Foto: APA/FRANZ RALBUCH

Wissenschaftsministerin Beatrix Karl hat vergangene Woche ihr "Drei-Säulen-Modell" zur Wiedereinführung der Studiengebühren vorgestellt. Neben diesen Gebühren und dem Ausbau der Studienbeihilfe will Karl ein Darlehensystem einführen. Für dieses System nannte die Ministerin skandinavische Länder als Vorbilder. Doch wie genau sehen die staatlich garantierten Bildungskredite bei den Pisa-Gewinnern im Norden Europas aus? derStandard.at fasst zusammen.

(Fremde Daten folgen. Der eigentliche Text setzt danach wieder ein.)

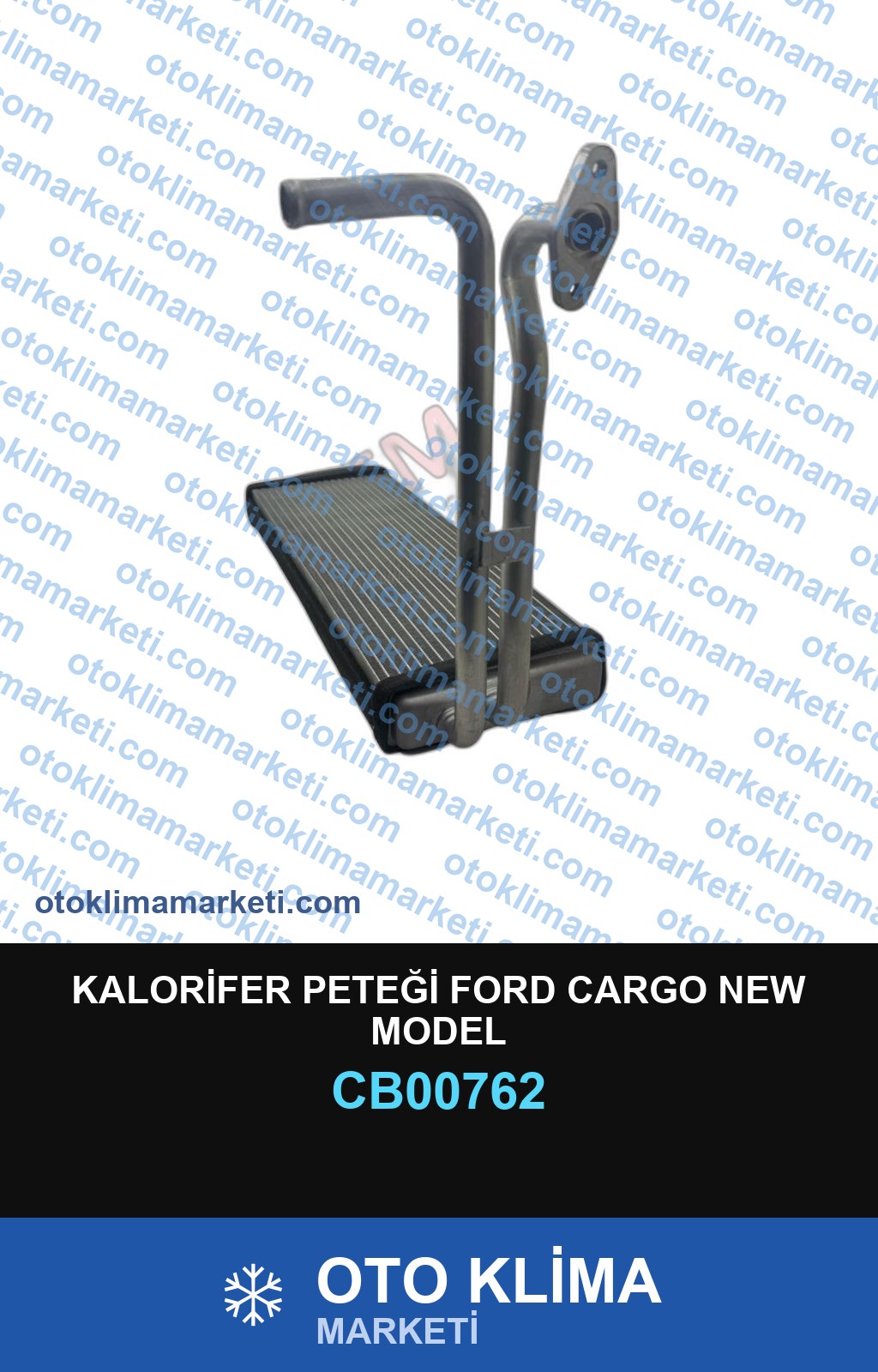 KALORİFER PETEĞİ FORD CARGO NEW MODEL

Finnland – Hier können Studenten einen zinsbegünstigten und staatlichen Bildungskredit aufnehmen, dessen Höhe und Rückzahlfrist sie mit einer Bank nach Wahl festgelegen. Die garantierte Zinsbegünstigung ist allerdings an Bedingungen geknüpft: Das Studium muss in der genormten Zeit absolviert werden. Außerdem muss die gesamte Darlehenshöhe am Ende des Studiums mindestens 2.500 Euro betragen. Vor jedem akademischen Jahr muss das Darlehen vom finnischen Sozialversicherer KELA gestattet werden.

Dänemark – Alle Dänen über 18 Jahre, die eine Ausbildung machen, können unabhängig von ihrem sozialen Stand, ein Grundeinkommen in Anspruch nehmen. Dieses wird an der voraussichtlichen Studiendauer, mit Einberechnung von zwölf Toleranzmonaten, monatlich ausbezahlt. Studierende, die noch zuhause wohnen bekommen etwa 350 Euro, Alleinlebende 650 Euro. Zusätzlich können Studenten ein Darlehen von etwa 310 Euro pro Monat beanspruchen oder sich alles im letzten Studienjahr auszahlen lassen.

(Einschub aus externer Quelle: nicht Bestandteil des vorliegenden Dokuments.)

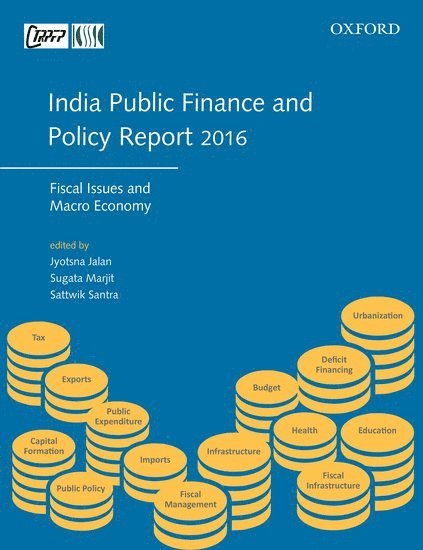 Jyotsna Jalan, Sugata Marjit, Sattwik Santra - India Public Finance and Policy Report 2016, Häftad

Das Darlehen muss zwischen einem Jahr nach der Graduierung und innerhalb von 15 Jahren zurückgezahlt werden. Maximal kann ein Student 70 Darlehenszahlungen erhalten. Innerhalb dessen kann er so oft er will Kurse und Studien wechseln oder wiederholen. Laut Angaben des dänischen Bildungsministeriums nutzen ungefähr die Hälfte aller Studenten dieses Darlehensystem.

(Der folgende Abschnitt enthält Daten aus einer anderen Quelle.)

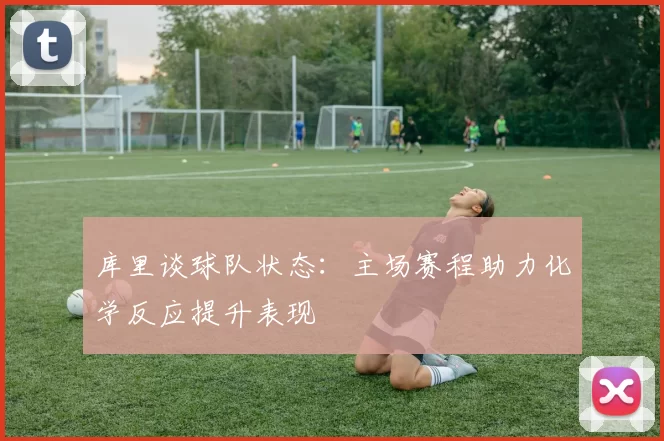 库里谈球队状态：主场赛程助力化学反应提升表现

Schweden – Auch hier bekommen Studenten ein Grundeinkommen in der Höhe von unter 300 Euro. Weiters können sie einen festgelegten Betrag als Darlehen beanspruchen. Etwa ein Drittel davon schießt der Staat zu. Der Rest kann innerhalb von zwölf Semestern ausgezahlt werden – höchstens aber 3.800 Euro pro Semester. Die Höhe der Rückzahlung wird von der Höhe des Kredits und der Rückzahlfrist abhängig. Außerdem kann man aus verschiedenen Gründen um eine Reduktion ansuchen. Der Zinssatz wird jedes Jahr von der Regierung festgelegt und basiert auf die durchschnittlichen Kosten, die auf den Staat in den vergangenen drei Jahren entfallen sind. Die Frist läuft auf 25 Jahre.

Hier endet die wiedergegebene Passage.